Lt. Col. Amerine told the Senate Committee on Homeland Security and Governmental Affairs in June that he came close to reaching a deal to trade Haji Bashir Noorzai, a Taliban-linked warlord and drug trafficker known as the Pablo Escobar of Afghanistan, for at least six Westerners, including Bergdahl.
Once the Taliban got involved in the negotiations, the Obama administration decided that trading five Taliban commanders was the “only viable option,” said the lieutenant colonel.
Amerine, one of his subordinates, and a superior briefed Lt. General Campbell and presented “five potential activities” to rescue Bergdahl, noted the House report.
“Classification restrictions” prevented the House panel from providing a full description of the five alternatives to the Taliban Five swap.
On about May 3, Lt. Col. Amerine’s office obtained “formal authority from the secretary of defense to exercise” three of the five options, revealed the House investigation.
By then, the Obama administration had already decided to make the May 31 five-for-one prisoner exchange, noted the House investigation.
Another considered option was an alleged FBI plan to pay a ransom for Bergdahl. Rep. Duncan Hunter (R-CA), a member of the House Armed Services Committee and veteran of the wars in Iraq and Afghanistan, and Lt. Col. Amerine claim the Obama administration paid a ransom in hopes of liberating Bergdahl.
“What we know is that non-DOD [Department of Defense] organizations, led by the Federal Bureau of Investigation (FBI), undertook the recovery mission,” Rep. Hunter wrote in a letter Friday to the Department of Justice (DOJ) Inspector General (IG), echoing comments made by Amerine before the Senate panel in June.
“In fact, in February 2014, it was the FBI that disclosed to military officials that Bergdahl’s release was imminent; however, after several days, nothing happened,” Hunter said.

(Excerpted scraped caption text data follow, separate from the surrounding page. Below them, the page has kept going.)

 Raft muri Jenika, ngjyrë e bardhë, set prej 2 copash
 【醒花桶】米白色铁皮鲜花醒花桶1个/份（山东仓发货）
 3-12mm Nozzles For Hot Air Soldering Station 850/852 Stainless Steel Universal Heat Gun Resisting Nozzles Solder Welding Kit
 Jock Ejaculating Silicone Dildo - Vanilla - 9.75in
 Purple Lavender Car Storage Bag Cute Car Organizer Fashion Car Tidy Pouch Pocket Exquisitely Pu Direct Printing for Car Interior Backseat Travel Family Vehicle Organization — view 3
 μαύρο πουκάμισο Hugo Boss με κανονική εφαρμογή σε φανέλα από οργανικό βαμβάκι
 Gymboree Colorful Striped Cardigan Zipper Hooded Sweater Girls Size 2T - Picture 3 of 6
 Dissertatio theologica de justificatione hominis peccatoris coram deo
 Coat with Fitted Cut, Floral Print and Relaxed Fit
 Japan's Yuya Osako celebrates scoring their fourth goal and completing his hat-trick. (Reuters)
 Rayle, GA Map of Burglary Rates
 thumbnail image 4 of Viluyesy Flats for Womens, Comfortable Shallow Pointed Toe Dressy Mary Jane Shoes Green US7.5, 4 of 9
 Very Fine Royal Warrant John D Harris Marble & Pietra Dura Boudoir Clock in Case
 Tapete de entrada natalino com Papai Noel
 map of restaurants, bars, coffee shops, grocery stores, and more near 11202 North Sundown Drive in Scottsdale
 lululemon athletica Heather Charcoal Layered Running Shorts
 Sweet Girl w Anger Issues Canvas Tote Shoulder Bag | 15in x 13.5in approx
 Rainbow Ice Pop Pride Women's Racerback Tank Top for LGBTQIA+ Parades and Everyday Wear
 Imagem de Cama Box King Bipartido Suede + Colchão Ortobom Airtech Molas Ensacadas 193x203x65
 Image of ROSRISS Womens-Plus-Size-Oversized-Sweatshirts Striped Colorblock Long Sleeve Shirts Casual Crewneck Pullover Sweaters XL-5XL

The Daily Beast first reported on Hunter’s letter, which was later obtained by Breitbart News.
The Obama administration “paid [the] Haqqani Network for Bergdahl’s release and received nothing in return,” wrote the California Republican. The Haqqani Network, which has a history of negotiating for prisoners, is a known Taliban ally that operates along the Afghanistan-Pakistan border region.
Although the Obama administration denies paying a ransom for Bergdahl, the Pentagon has conceded that the U.S. government does “on occasion,” pay money “to obtain information” on American hostages.
Amerine said there is “a good deal of evidence” that the U.S. government paid a ransom for Bergdahl and that ransom money was stolen.
The DOD IG has determined that no ransom was paid for Bergdahl. However, the watchdog agency only looked at whether DOD funds were used. In Friday’s letter, Rep. Hunter is asking the DOJ IG to investigate whether the FBI was involved, whether DOJ funds from other sources were used, and if the alleged ransom violated any laws.
The Obama administration also considered “an exfiltration plan,” involving the Joint Special Operations Command (JSOC), according to an email highlighted in the House report, sent to Michael Dumont, deputy assistant secretary of defense for Afghanistan, Pakistan, and Central Asia.
“For something that was to be very, very close hold and extremely sensitive, this is starting to get out. We need to somehow shut this down and get the info back under control,” wrote Dumont to Navy Rear Adm. Craig Faller, then- director of operations at U.S. Central Command and Army Brig. Gen. Robert White, then- director of the Pakistan Afghanistan Coordination Cell for the Joint Staff.
“I will do what I can from DC [District of Columbia], but this is getting WH [White House] attention,” added Dumont.
Nevertheless, when asked about alternative repatriation options for Bergdahl, Lumpkin, Dumont, and Gen. Joseph Votel, then-commander of JSOC, said they had no knowledge of activity to recover Sgt. Bergdahl which had reached advanced stages.